FOTO: Sede do MPLA - Huila ( A imagem não mente…. )

segunda-feira, março 12, 2007

Sob o olhar dos outros (II)

ÁGUA A capital da província tem uma rede de distribuição antiga e debilitada. Tendo em conta os indicadores mundiais médios, pretende-se dar 150 a 200 litros de água por habitante, contra os actuais sete litros disponíveis. ENERGIA A província é servida pelo sistema da Matala. Esta barragem tem uma capacidade máxima que não passa de 46 megawatts. Actualmente produz 26, com várias introduções, porque nem sempre os equipamentos estão em condições ou a quantidade de água fazer funcionar as turbinas. Até 2020/25, a Huíla requererá cerca de 600 megawatts, contra os actuais pouco mais de 20. É um fosso grande.

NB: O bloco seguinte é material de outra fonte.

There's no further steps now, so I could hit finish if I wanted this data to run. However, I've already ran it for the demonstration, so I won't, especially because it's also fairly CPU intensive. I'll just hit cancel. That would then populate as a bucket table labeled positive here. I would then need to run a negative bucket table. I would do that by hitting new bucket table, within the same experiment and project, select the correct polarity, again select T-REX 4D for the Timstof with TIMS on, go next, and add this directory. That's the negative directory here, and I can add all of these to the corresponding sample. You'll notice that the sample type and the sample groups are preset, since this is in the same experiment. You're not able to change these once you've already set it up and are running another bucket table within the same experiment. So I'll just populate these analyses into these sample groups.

O desenvolvimento industrial e agro-pecuário da Huíla dependerá muito da componente energética. VIAS DE COMUNICAÇÕES A cidade do Lubango é, neste momento, na óptima do interlocutor, o segundo parque automobilístico de Angola a seguir a Luanda. Já se verificam, inclusive, alguns engarrafamentos. Em média, circulam diariamente cerca de um milhão de viaturas; há uma área transição de ligação com o Sul e Norte (Porto do Namibe).

Há o problema de circulação de camiões pesados no centro da cidade. As ruas não estão preparadas para receber estas cargas destes comboios articulados rodoviários.

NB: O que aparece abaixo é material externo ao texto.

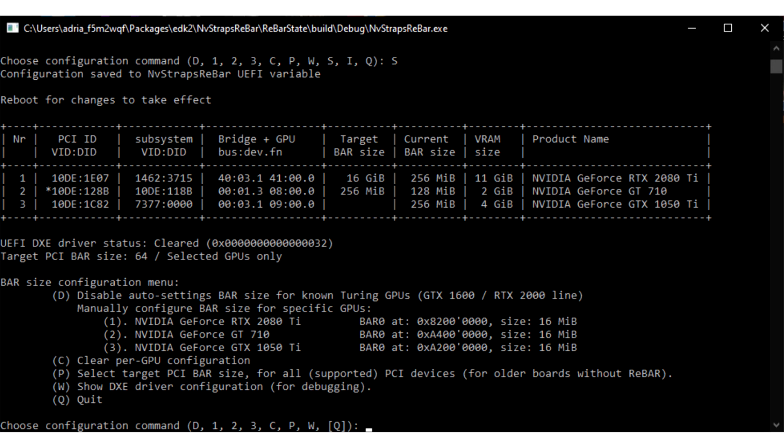Resizable bar enables the CPU to see video memory as a single contiguously addressable block, rather than through 256 megabyte apertures.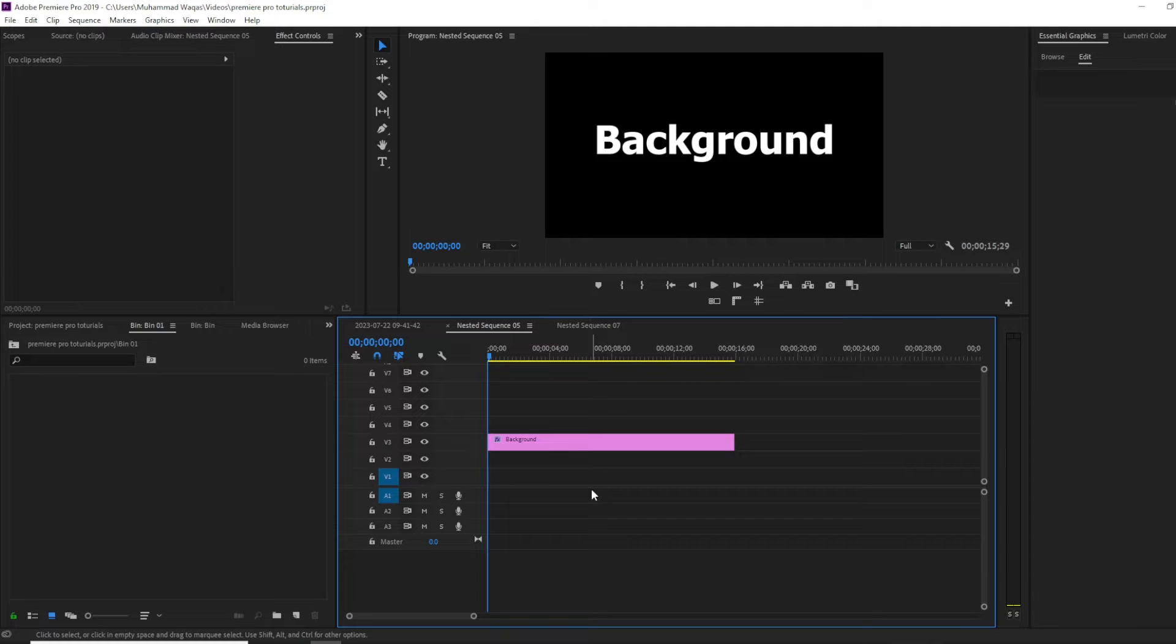In this video I'm going to show you how to add background for your text in Premiere Pro.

Está a ser montada uma estratégia para a abertura de mais estradas no Lubango já projectadas no tempo colonial para que os camiões, mas interrompidas pelos custos elevados.

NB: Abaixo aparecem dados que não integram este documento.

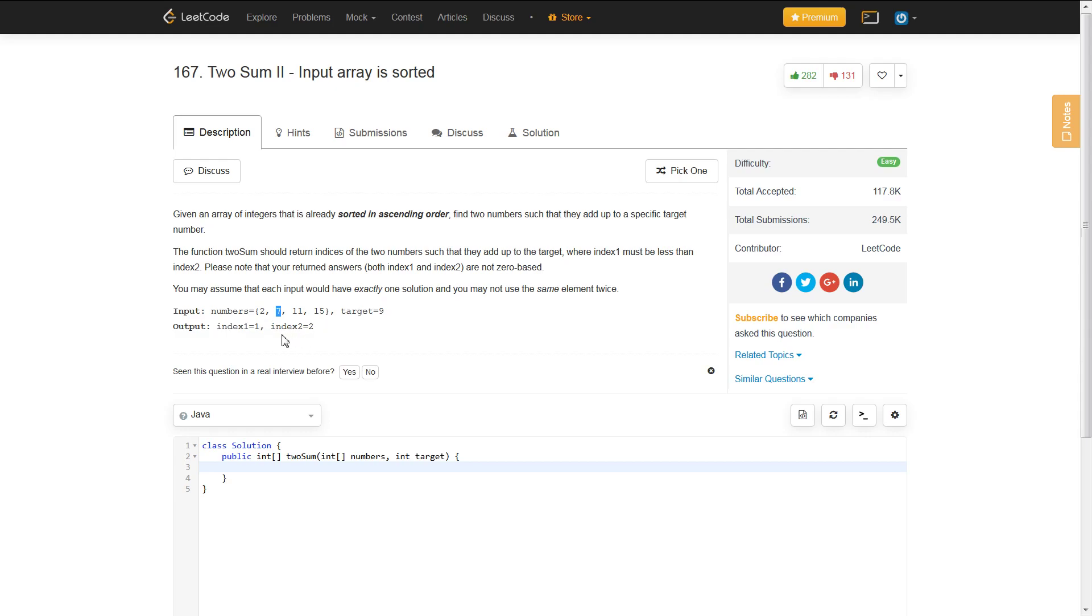but since it is not zero-based, it's at index 1 and 2.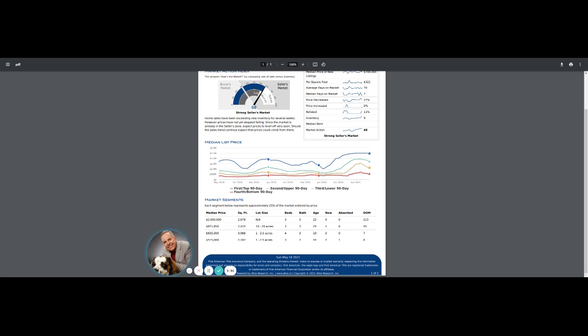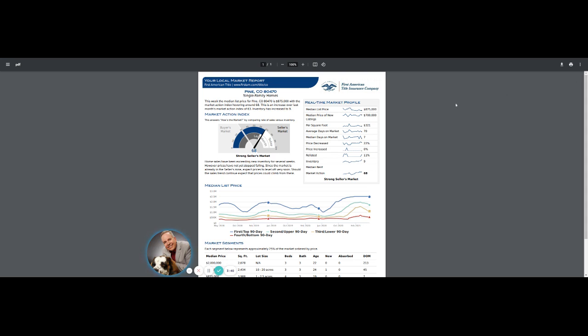Again, here in the foothills, you get into the five to six hundred thousand range, and those houses do not sit on the market at all. So, again, great time if you're a seller. If you're a buyer, we definitely have strategies to help you.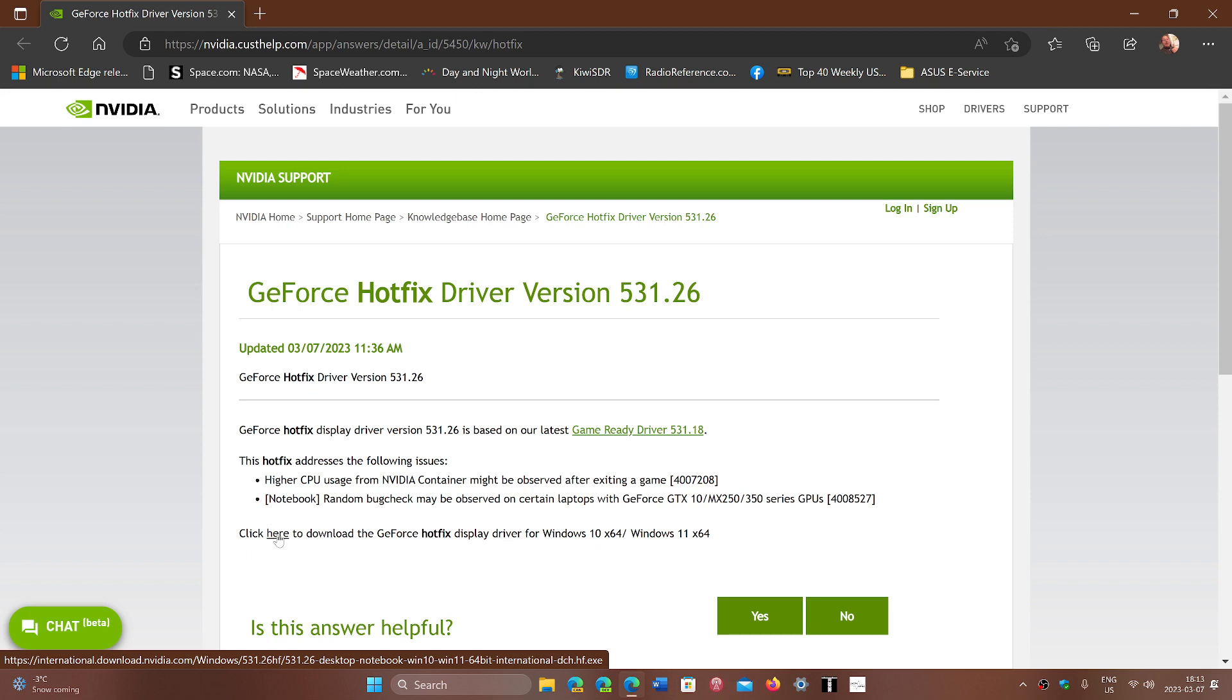You can download it and fix your problem if you want to install the Game Ready driver. This is going to fix it.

Há uma pressão no sentido de se criar uma estrada à volta da cidade do Lubango para que os camiões que se desloquem para o Huambo, Benguela e Namibe, não passem no centro da cidade. Numa perspectiva futura, introduziremos um comboio urbano no Lubango, para a facilitação da vida de trabalhadores, estudantes e outros. GADO É potencialmente rica na produção de cereal; detém o maior número de gado do país. Existe o programa de desenvolvimento dos Gambos, onde temos condições climatéricas para a criação de gado 2007/13, num cenário de recursos de consumir cerda de 250 milhões de dólares anuais. Depois da independência nacional, houve um crescimento demográfico, mas as infra-estruturas sociais ficaram degradadas. EDUCAÇÃO Actualmente estão recuperados uma boa parte da rede escolar, embora haja muitos a carecerem de reabilitação e recursos humanos, por problemas orçamentais. Em 2006, a província precisava de dois mil professores. SAÚDE O governo projecta reabilitar todas as unidades hospitalares. Hoje, todas as sedes municipais já têm hospitais, de raiz ou reabilitados. Existem também outras unidades privadas, como o Hospital de Caluquembe, pertencente a Igreja Envagélica, e que beneficiou-se do OGE, dada a sua importância regional.

INCENTIVOS PARA INVESTIMENTOS Cedência de terrenos a custos extremamente baixos, se comparados aos grandes países; desburocratização dos serviços administrativos e a promoção de uma concorrência leal e educada. EXPLORAÇÃO MINEIRA Uma das prioridades será a extracção do mineiro de ferro, actualmente paralisado, granitos; a água mineral, assim como a conservação e transformação de frutas e cereais. A sua indústria transformadora é de carácter regional. PATRIMONIO CULTURAL O sector da Cultura na Huíla mostra-se preocupante com o estado actual de degradação avançado dos 49 monumentos e sítios classificados e inventariados.

A maior parte destes estão na iminência de desaparecer, uma vez ser avançado o grau de degradação dos mesmos. Cinco dos 49 monumentos, entre os quais a Missão Católica da Huíla, podem desabar a qualquer momento.

Os únicos monumentos que beneficiaram de obras de reabilitação são o "Cristo Rei" e o Museu Regional, com obras avaliadas em 120 mil dólares. Perante esta situação, a Direcção local da Cultura já encaminhou um programa ao governo da província, para intervir nestas estruturas.